So you’ve probably heard of the General Data Protection Regulation, otherwise known as GDPR, which is an EU effort to improve, tighten and extend security regulation across Europe.
What you might not have considered is how this new legislation will affect your business. The most important thing about the GDPR is that it applies to any company using any kind of personal data on EU citizens. That means that for the vast majority of US and UK firms that operate on an international scale, they must now be compliant with the regulation.
UK-based businesses cannot afford to ignore GDPR despite the fact the country has voted to leave the EU.Dr Kuan Hon, Cybersecurity expert
These businesses need to to adjust to the new rules by 2018, or can face huge fines. The maximum penalty that UK firms will now face is forty times larger than the Data Protection Act, which is the existing framework.
To avoid disrupting the company too much with major last minute changes, and incurring substantial costs in the process, it is vital that businesses operating in the EU take steps now to move towards compliance with the GDPR. Waiting until early 2018 or even late 2017 will be too late.Annabelle Richard, data protection expert
Here are six things you should make sure you’re ready for when the GDPR comes into effect.
1 More kinds of data
Fundamentally, the GDPR applies to ‘personal data’. This description makes it clear that it encompasses anything that includes any kind of online identifier, meaning the new scope for what constitutes as personal data is far greater than before. An IP address or geolocation data are both considered personal data in the GDPR rule book. This even applies to personal data that has been pseudonymised, if the company is not careful about how easy it is to attribute this to particular individuals
2 Extended definition of breaches
While previously a breach was focused on events that involved the ‘loss’ of personal data, the new legislation considers a security breach to include the destruction, loss, alteration, unauthorised disclosure of, or even access to, personal data. The range of events that fall under the remit of the GDPR is far greater than ever before.

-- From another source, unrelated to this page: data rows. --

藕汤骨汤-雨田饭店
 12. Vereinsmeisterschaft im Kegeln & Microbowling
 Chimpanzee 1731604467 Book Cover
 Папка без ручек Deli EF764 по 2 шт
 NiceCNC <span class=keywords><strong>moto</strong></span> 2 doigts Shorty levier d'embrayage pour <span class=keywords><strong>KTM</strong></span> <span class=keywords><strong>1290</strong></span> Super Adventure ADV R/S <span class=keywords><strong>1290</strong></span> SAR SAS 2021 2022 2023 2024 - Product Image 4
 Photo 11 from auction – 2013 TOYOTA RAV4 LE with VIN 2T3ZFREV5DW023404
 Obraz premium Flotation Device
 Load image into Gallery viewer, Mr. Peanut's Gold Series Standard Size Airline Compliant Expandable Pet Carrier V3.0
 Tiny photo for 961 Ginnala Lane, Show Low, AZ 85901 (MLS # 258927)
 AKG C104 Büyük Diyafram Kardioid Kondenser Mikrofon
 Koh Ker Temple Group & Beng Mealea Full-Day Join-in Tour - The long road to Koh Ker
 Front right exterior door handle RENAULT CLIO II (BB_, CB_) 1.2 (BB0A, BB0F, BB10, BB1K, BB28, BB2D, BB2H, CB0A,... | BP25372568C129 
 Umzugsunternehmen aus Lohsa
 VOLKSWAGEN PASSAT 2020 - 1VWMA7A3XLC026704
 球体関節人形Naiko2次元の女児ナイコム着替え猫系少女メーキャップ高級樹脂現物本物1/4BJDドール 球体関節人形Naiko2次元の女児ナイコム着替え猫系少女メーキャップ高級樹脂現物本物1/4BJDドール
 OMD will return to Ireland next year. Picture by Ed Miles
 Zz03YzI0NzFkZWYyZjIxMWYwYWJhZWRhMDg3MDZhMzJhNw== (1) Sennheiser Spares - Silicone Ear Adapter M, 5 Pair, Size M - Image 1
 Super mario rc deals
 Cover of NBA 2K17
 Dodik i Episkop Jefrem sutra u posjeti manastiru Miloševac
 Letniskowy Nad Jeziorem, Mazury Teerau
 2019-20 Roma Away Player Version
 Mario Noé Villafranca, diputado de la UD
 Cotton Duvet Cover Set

3 Lower threshold for severity
Under existing law in the UK, breaches are only penalised if it can be demonstrated that those who have had their personal data exposed have received actual harm or financial loss as a result. The GDPR instead broadens this to any kind of distress, meaning far more security events will soon be under scrutiny.
4 Being unprepared can result in fines
One of the biggest changes that GDPR will bring is that fines can apply even to situations in which a breach has not occurred. The Supervisory Authority in the UK will be able to penalise any business that fails to observe the principles of the GDPR. That will most likely mean that punishments can be given to non-compliant organisations, even if no security event has taken place.
5 Less time than before
The GDPR is also stricter on how long companies have to alert the authorities in the case of a breach. There will be a compulsory requirement to inform the Supervisory Authority no longer than 24-72 hours following a breach. Falling foul of this deadline could result in the full administrative penalty of 4% of turnover.
6 It applies everywhere
The GDPR is applicable to any company that holds personal data on citizens in the EU. Almost every global organisation should be preparing itself for the new legislation, and introduce new measures to ensure compliance.